- [PROBLEM DETAILS]:
One figure is wanted here: how many lines in the entries hold the word "against".

(Short text fragments from websites)

::::::::::

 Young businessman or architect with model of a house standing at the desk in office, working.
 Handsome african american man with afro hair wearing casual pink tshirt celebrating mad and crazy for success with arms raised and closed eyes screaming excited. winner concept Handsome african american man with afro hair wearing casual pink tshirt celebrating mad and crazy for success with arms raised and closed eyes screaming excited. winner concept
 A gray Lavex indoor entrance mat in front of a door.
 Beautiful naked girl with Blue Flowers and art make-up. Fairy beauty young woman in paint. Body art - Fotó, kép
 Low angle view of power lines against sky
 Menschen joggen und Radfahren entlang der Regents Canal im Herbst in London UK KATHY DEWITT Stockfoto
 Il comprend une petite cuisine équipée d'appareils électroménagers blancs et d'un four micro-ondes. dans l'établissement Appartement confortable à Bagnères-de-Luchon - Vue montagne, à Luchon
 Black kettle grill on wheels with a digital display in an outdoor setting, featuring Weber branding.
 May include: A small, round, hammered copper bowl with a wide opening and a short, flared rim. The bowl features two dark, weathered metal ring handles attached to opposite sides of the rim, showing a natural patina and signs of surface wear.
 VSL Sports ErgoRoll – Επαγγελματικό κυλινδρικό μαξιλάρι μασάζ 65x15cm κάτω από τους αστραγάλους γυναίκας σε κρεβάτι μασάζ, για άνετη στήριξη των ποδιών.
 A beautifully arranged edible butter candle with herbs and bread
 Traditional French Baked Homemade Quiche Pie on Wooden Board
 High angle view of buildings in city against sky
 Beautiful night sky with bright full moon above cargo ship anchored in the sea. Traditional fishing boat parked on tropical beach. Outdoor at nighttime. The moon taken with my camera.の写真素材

::::::::::

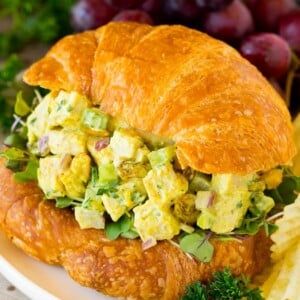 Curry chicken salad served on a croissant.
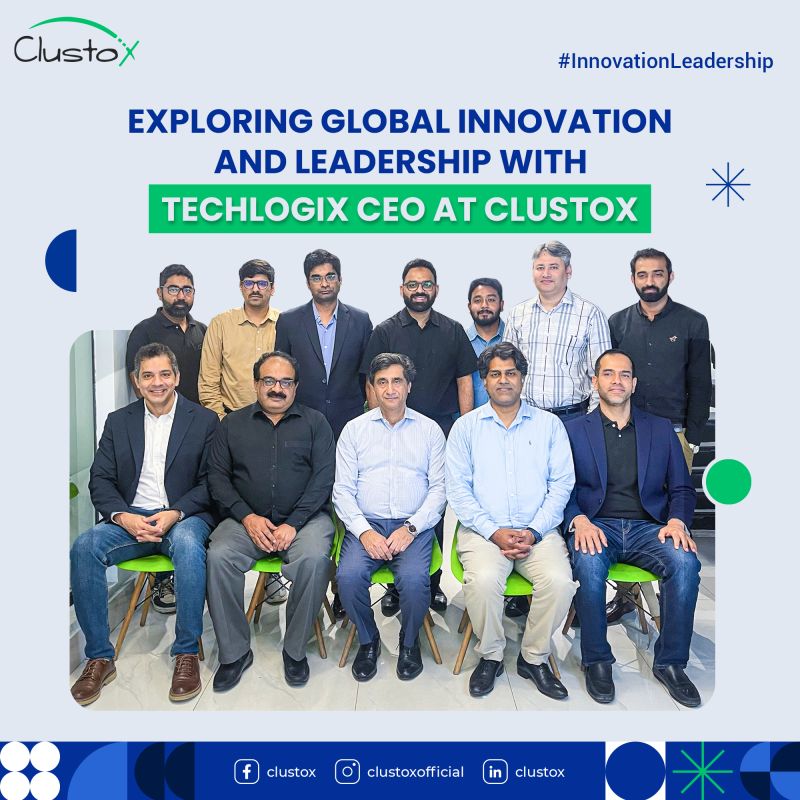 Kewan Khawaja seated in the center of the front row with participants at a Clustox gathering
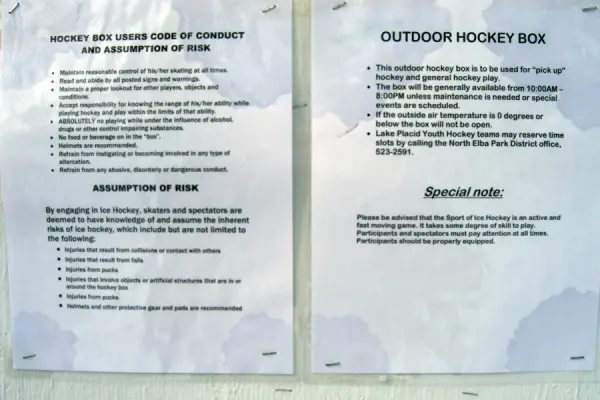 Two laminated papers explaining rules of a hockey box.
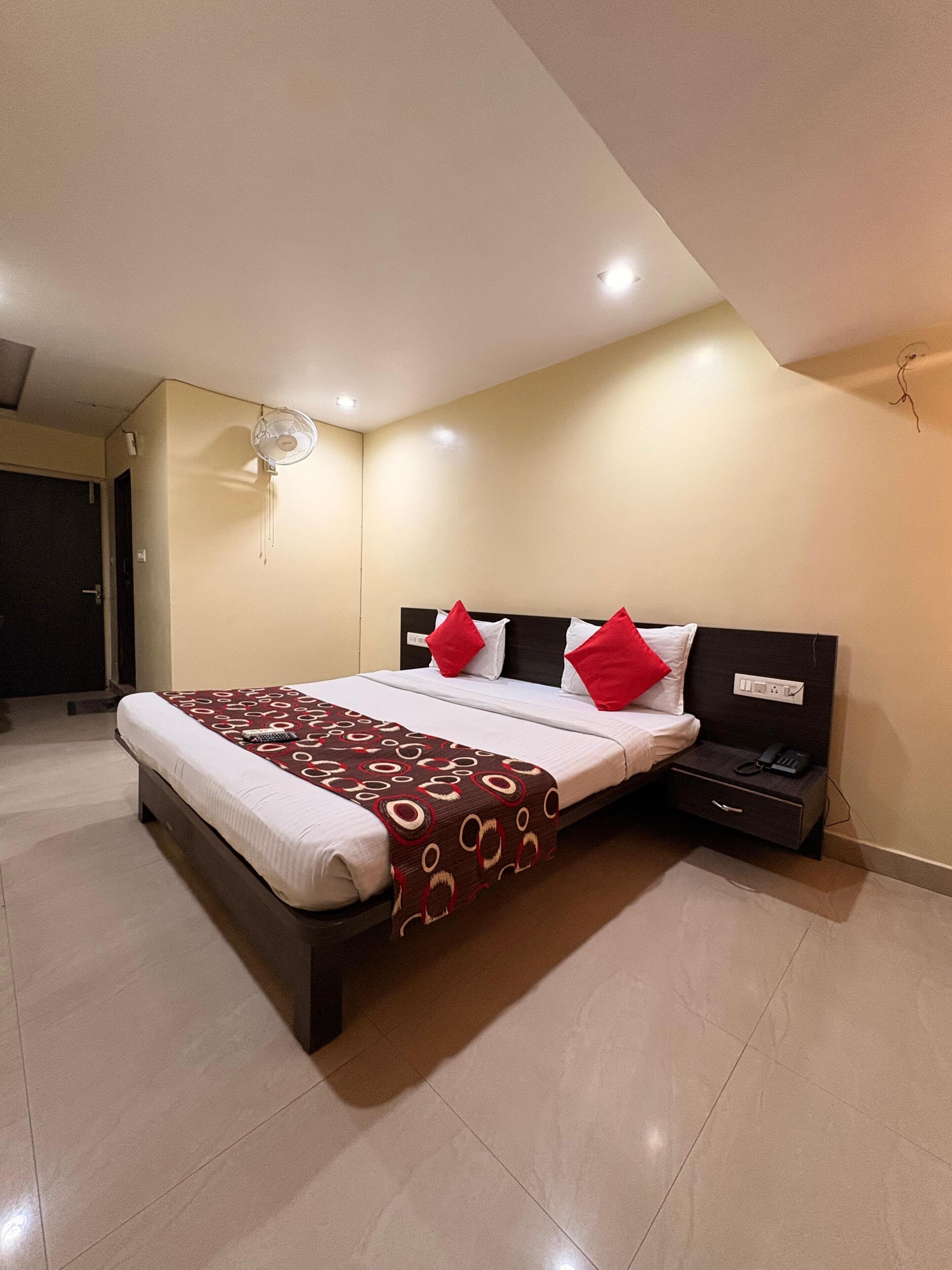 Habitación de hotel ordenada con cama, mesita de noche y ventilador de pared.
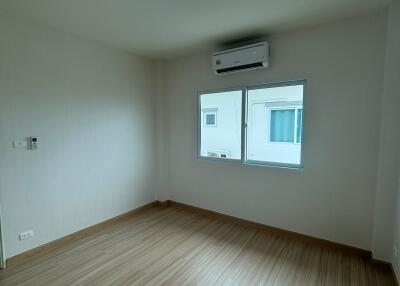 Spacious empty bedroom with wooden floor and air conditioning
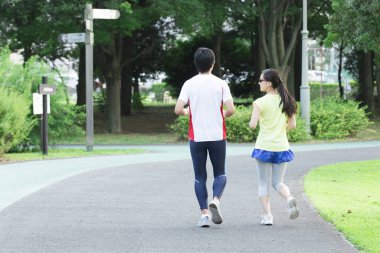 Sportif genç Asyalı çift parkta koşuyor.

::::::::::

- [TASK SOLUTION]:
2